Wednesday, April 1, 2015

Part I: Honeybee Security Forces – Protection from the Serengeti to the Big Apple

02 April 2015


           What do you do when good elephants go bad?  You call-in the honeybees!  But are we coddling these elephant criminals?  Maybe.  But there’s a reason for this indulgence. 

            Elephant populations in Africa are declining.  One major factor in the decline is habitat loss.  If you’ve lived at all, you know what makes a downward spiral into a spiral.  When things go wrong, we are often challenged to do more and more . . . with less and less.  So are the elephants. 
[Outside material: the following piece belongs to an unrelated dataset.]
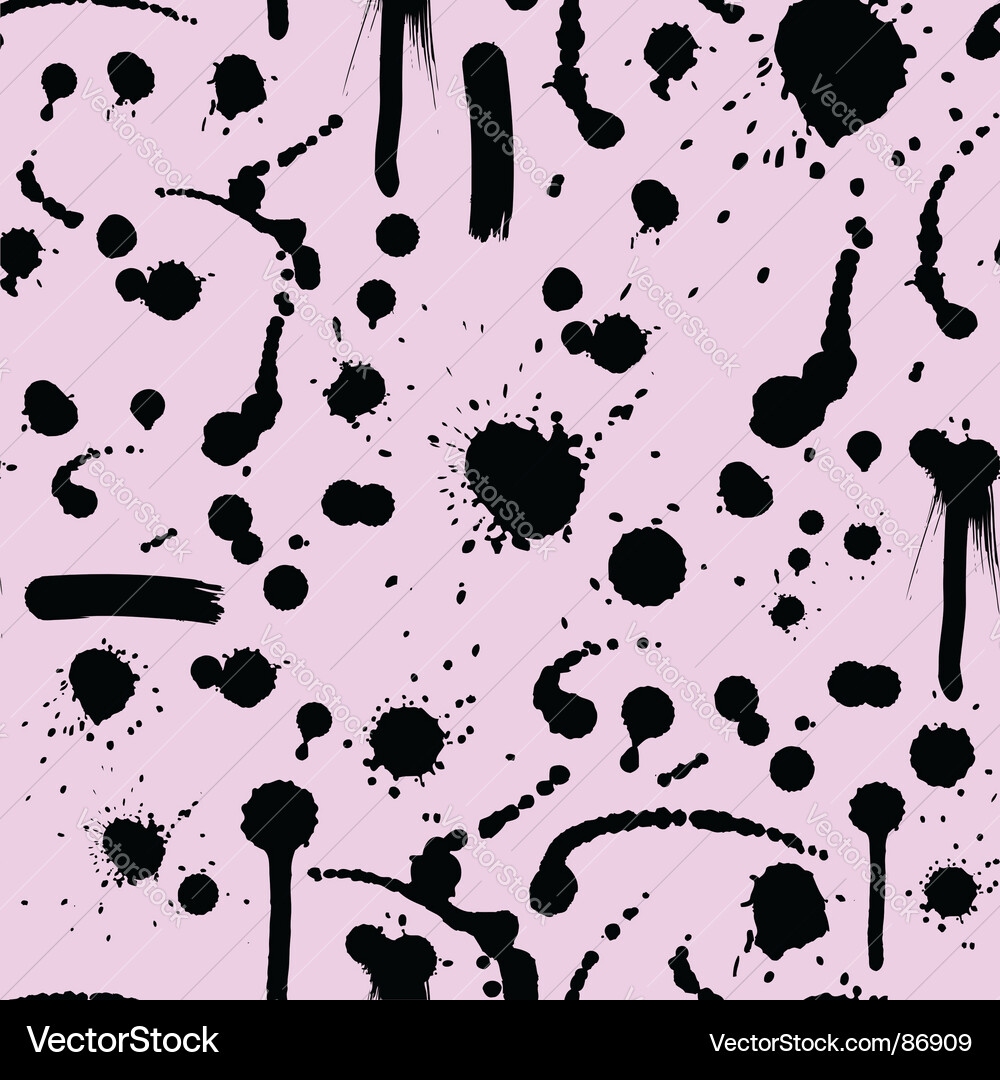 Seamless pattern Vector Image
            Without a habitat rich in food, they start going out to eat in places where food is abundant: farms.  Unfortunately, food produced by human farms is, also, a matter of survival - not just the farmers, but for their community as well.  When a farmer and elephants confront each other over a farm’s produce, the elephants often won’t back down.  Neither will the farmers.  The elephants know their size is a big factor in their success in any confrontation.  But the farmers have guns.  The elephants lose almost every battle.

            This was a tragic situation because both the farmers and elephants were only doing what they “had” to do.  Then, Lucy King, a researcher for “Save the Elephants,” thought of a solution.  What if you could build a fence?  But what kind of fence could withstand an elephant assault?  Well, the effectiveness of King’s fence didn’t depend on the strength of a wall.  She knew something about elephants.

            Elephants are afraid of bees.  Elephants are really afraid of bees.  This sounds like some kind of peculiar elephant behavior – a kind of animal version of psychological bias -- until you are introduced to the bees.  These are African bees.  In North America, we have African-ized bees.  That only means they have some African bee ancestors.  But even these hybrid bees are called “killer bees” for a reason.  The African bee is really, really mean.

            Why are African honeybees so mean?  Their touchiness probably has to do with the fierce “honey-robbing” African animals from which these bees have to protect their hives and honey stores.  African bees are, by the way, only a different “breed” of the same species of bee you see outside from time to time – if you live in Europe or North America.  But, like different dog breeds, different bee breeds can make for some big differences in behavior.

            African honey bees are slightly smaller than their European and North American counterparts, but the strength of their sting and venom is absolutely identical to the other members of its species.  So, what makes African bee into killer bees.  Only one thing.  Their behavior.  Like most honeybee breeds, these bees will leave you alone -- unless they suspect that you are after their honey.  Then, they will sting first and ask questions later.  They chase down a threat in large, densely packed swarms and sting and sting and sting . . . like no other bee of their species.  A swarm of these bees will chase you, at high speed, for a third of mile before letting off the chase.

            Elephants have learned, from generations in Africa, that there are some critters that are so mean (with stings that are so painful), it’s just not worth it to mess with them.

            And, Lucy King, knew that the elephants knew.  She found out that elephants stay away from acacia trees with African beehives.  And, not only do elephants never forget, apparently, they gossip about what they remember.  When an elephant hears that buzz, they take off in the opposite direction and tell their “herd-mates” to do the same.  Word spreads fast.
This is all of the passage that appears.